## [What to produce]
Leaving out all pictures, return exactly the lines from the one that contains "Boden-奈妮爾粉色布實木餐椅/單椅餐椅/單椅(四入組合)" through the end of the data below.

## [Exercise data]
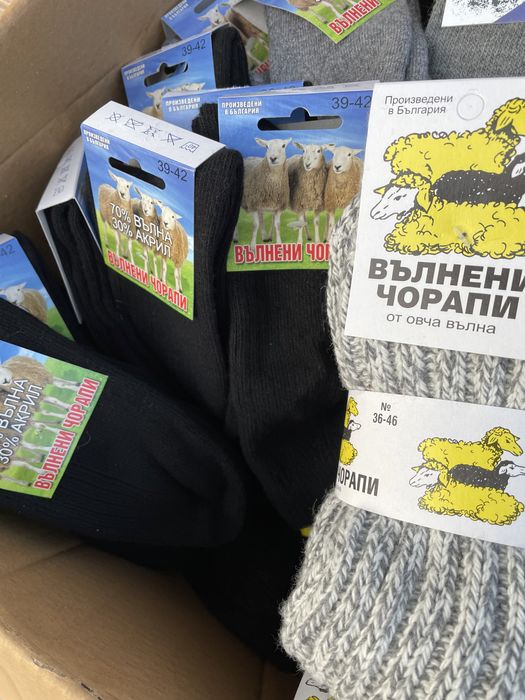 Военни кубинки Чорапи партенки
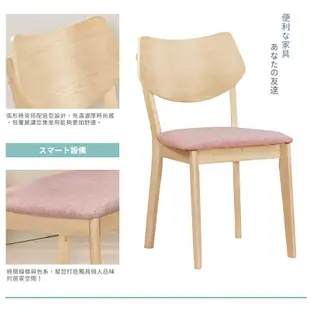 Boden-奈妮爾粉色布實木餐椅/單椅餐椅/單椅(四入組合)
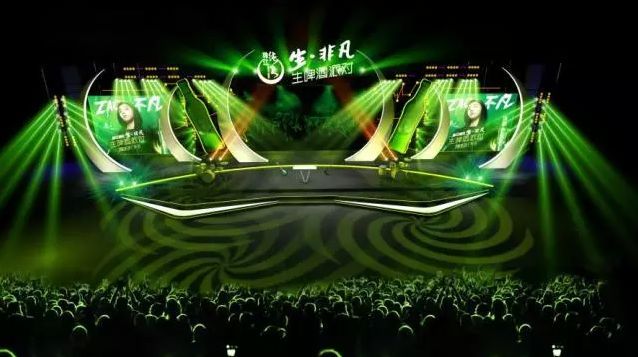 珠江純生啤酒派對演藝策劃,恒隆演藝打造嗨爆全場的音樂趴 珠江純生啤酒派對演藝策劃,恒隆演藝打造嗨爆全場的音樂趴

## [Result for this exercise]
 Boden-奈妮爾粉色布實木餐椅/單椅餐椅/單椅(四入組合)
 珠江純生啤酒派對演藝策劃,恒隆演藝打造嗨爆全場的音樂趴 珠江純生啤酒派對演藝策劃,恒隆演藝打造嗨爆全場的音樂趴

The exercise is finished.